# Iyzico Datathon - Time Series Modelling

In [82]:
# Base packages
import numpy as np
import pandas as pd
import itertools
import warnings
from tqdm import tqdm

# Data Visualization
from matplotlib import pyplot as plt
import seaborn as sns

# Modelling
import pmdarima as pm
from statsmodels.tsa.api import ExponentialSmoothing
from statsmodels.tsa.arima.model import ARIMA
from statsmodels.tsa.statespace.sarimax import SARIMAX

# Evaluation
from sklearn.metrics import mean_absolute_error

In [3]:
pd.set_option("display.max_columns", None)
pd.set_option("display.max_rows", None)
pd.set_option("display.width", 500)
pd.set_option("display.expand_frame_repr", False)
pd.set_option("display.float_format", lambda x: '%.1f' % x)
warnings.filterwarnings('ignore')

## Data Manipulation

In [4]:
data = pd.read_csv("C:/Users/MONSTER/Desktop/train.csv")

def get_season(month):
    if month in [1, 2, 3]:
        return 'Q1'
    elif month in [4, 5, 6]:
        return 'Q2'
    elif month in [7, 8, 9]:
        return 'Q3'
    else: # 10, 11, 12
        return 'Q4'

data['month_id'] = data['month_id'].astype(str)
data['year'] = data['month_id'].str[:4].astype(int)
data['month'] = data['month_id'].str[4:].astype(int)
data['season'] = data['month'].apply(get_season)
data['month_id'] = pd.to_datetime(data['month_id'], format='%Y%m')


column_order = ['month_id', 'merchant_id', 'year', 'month', 'season', 'merchant_source_name', 'settlement_period', 'working_type', 'mcc_id', 'merchant_segment', 'net_payment_count']
data = data[column_order]
data = data.sort_values(by='month_id').reset_index(drop=True)

# Segment column
data.loc[data['merchant_segment'].isin(["Segment - 1", "Segment - 2", "Segment - 3"]), 'merchant_segment'] = "otherSegments123"
data.loc[data['merchant_segment'] == "Segment - 4", 'merchant_segment'] = "StandartSegment4"
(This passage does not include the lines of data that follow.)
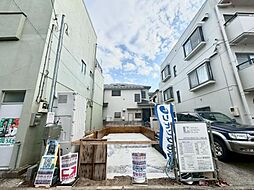 グレイスウッドレジリエンス上池台3丁目 新築一戸建て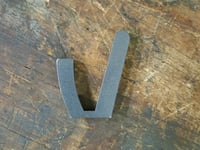 Percy Waters Style Side Plate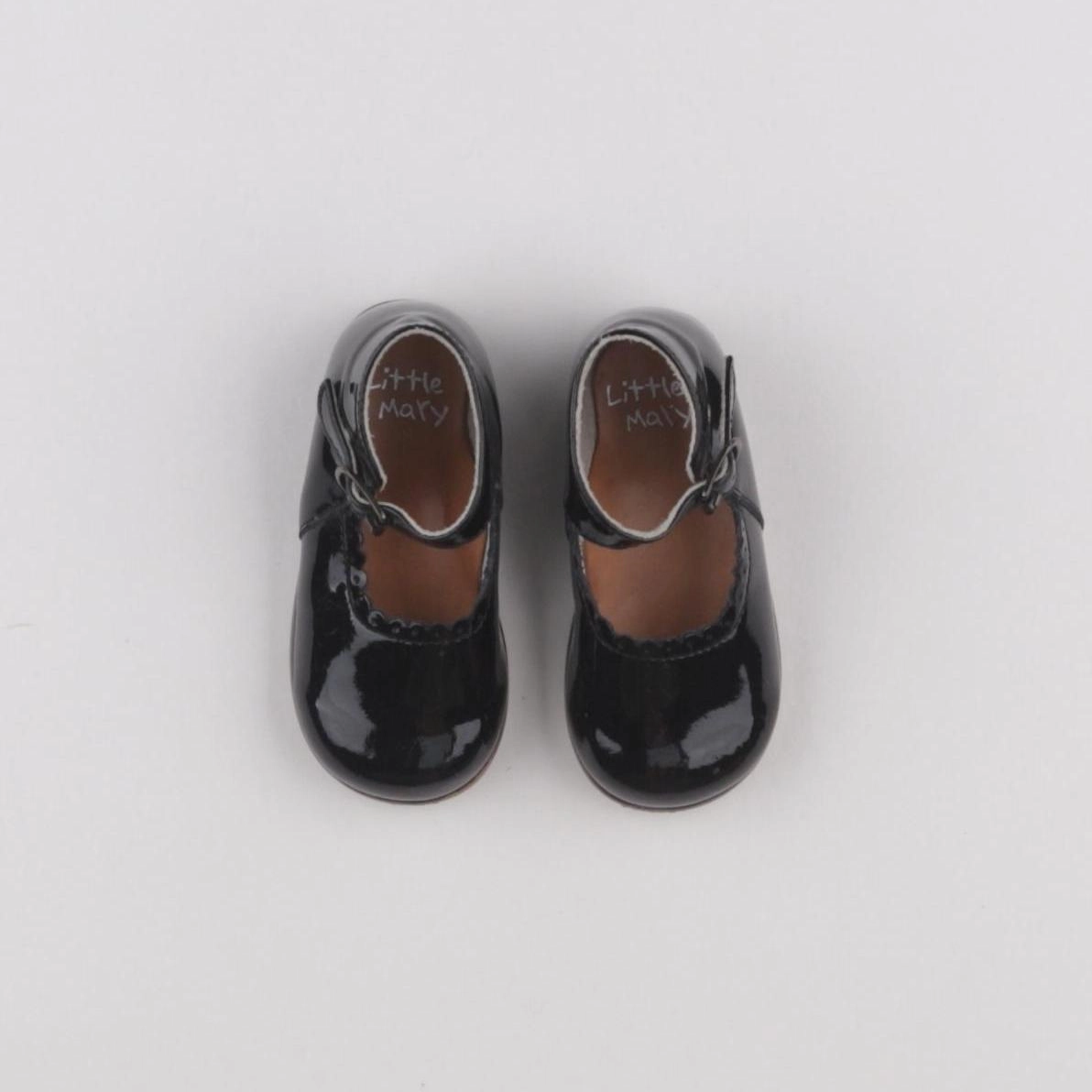 Little Mary - ballerines noir - pointure 21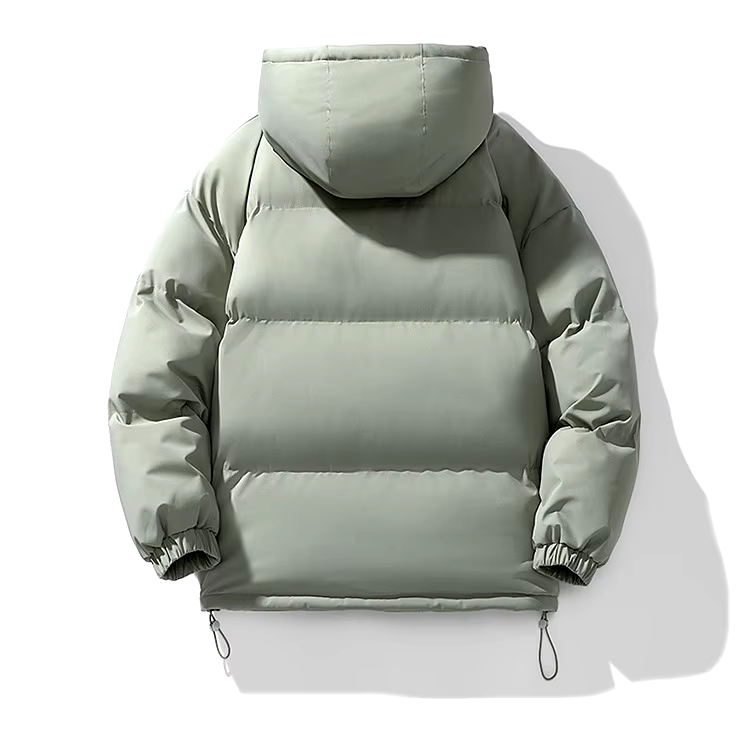 Weston Frontier Coat - [Ezra Daniel]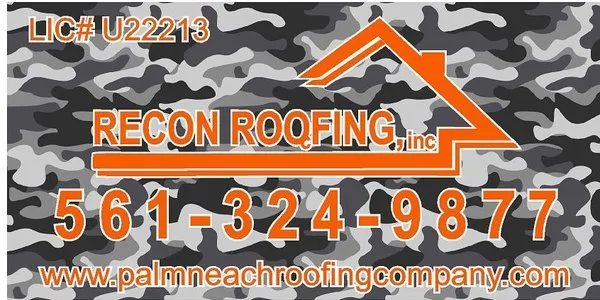 Recon Roofing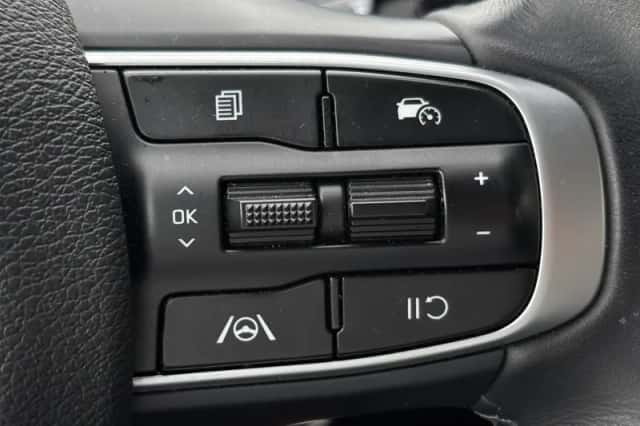 Kia Sportage (2024) thumbnail 17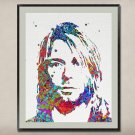 Watercolor Painting-Original Fine Art-Unique Art print Gift-Home Wall Decor Artwork-F7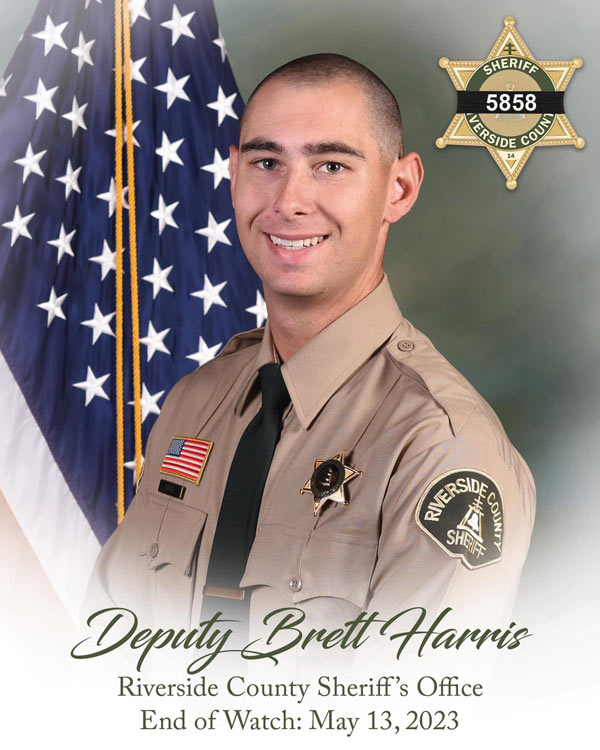 RCSO Harris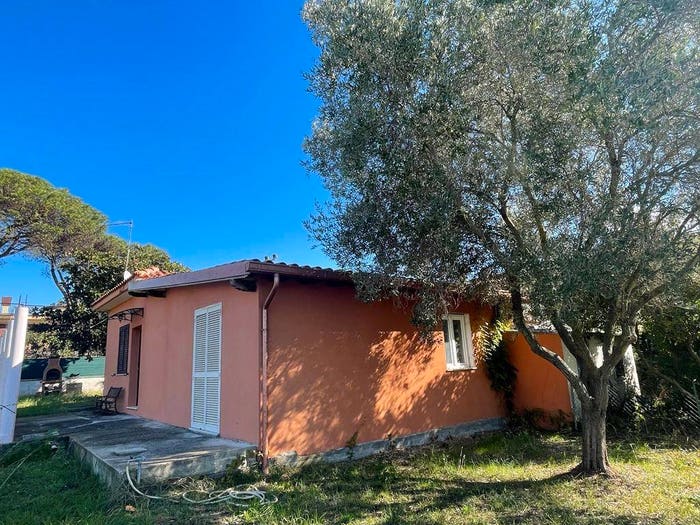 Casa bilocale in vendita in Via Chisone, Riserva Nuova Buon Riposo, Aprilia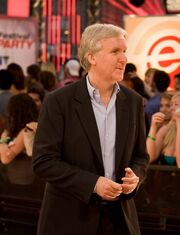 ETalk2008-James Cameron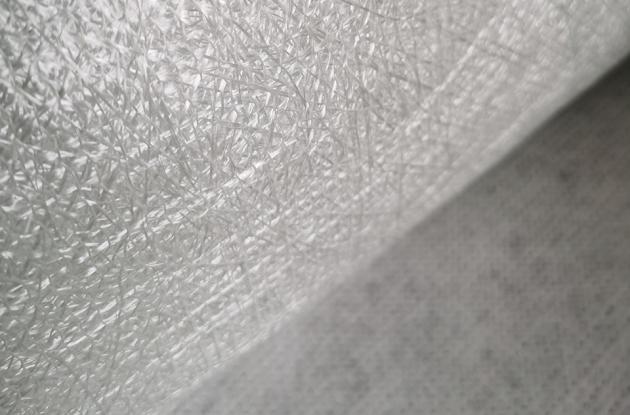 Hướng dẫn về thảm kết hợp khâu Surface Veil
# negative values in target 
data.loc[data['net_payment_count'] < 0, 'net_payment_count'] = 0

# mcc_id to integer
data['mcc_id'] = data['mcc_id'].str.replace('mcc_', '').astype(int)

# Working type
data.loc[data['working_type'].isin(["Working Type - 1", "Working Type - 3", "Working Type - 4"]), 'working_type'] = "otherWorkingTypes134"

# settlement_period
data.loc[data['settlement_period'].isin(["Settlement Period - 2", "Settlement Period - 3"]), 'settlement_period'] = "otherSettlementPeriods23"

# Time series data
time_series = data.groupby(["month_id", "merchant_id"]).agg({"net_payment_count": "sum"}).reset_index()

In [5]:
data.head()

Unnamed: 0,month_id,merchant_id,year,month,season,merchant_source_name,settlement_period,working_type,mcc_id,merchant_segment,net_payment_count
0,2020-01-01,merchant_66740,2020,1,Q1,Merchant Source - 1,Settlement Period - 1,Working Type - 6,130,StandartSegment4,6
1,2020-01-01,merchant_12444,2020,1,Q1,Merchant Source - 1,Settlement Period - 1,Working Type - 2,153,StandartSegment4,3
2,2020-01-01,merchant_40154,2020,1,Q1,Merchant Source - 2,Settlement Period - 1,Working Type - 5,168,StandartSegment4,3
3,2020-01-01,merchant_33179,2020,1,Q1,Merchant Source - 3,otherSettlementPeriods23,Working Type - 2,25,otherSegments123,787
4,2020-01-01,merchant_16977,2020,1,Q1,Merchant Source - 2,Settlement Period - 1,Working Type - 6,31,StandartSegment4,5


In [6]:
time_series.head()

Unnamed: 0,month_id,merchant_id,net_payment_count
0,2020-01-01,merchant_10005,3
1,2020-01-01,merchant_10034,5
2,2020-01-01,merchant_10052,5
3,2020-01-01,merchant_10078,134
4,2020-01-01,merchant_10134,3


### 1.1 Time Series Data for Modelling 

In [7]:
# Create a date range for all months
all_months = pd.date_range(start='2020-01-01', end='2023-09-01', freq='MS')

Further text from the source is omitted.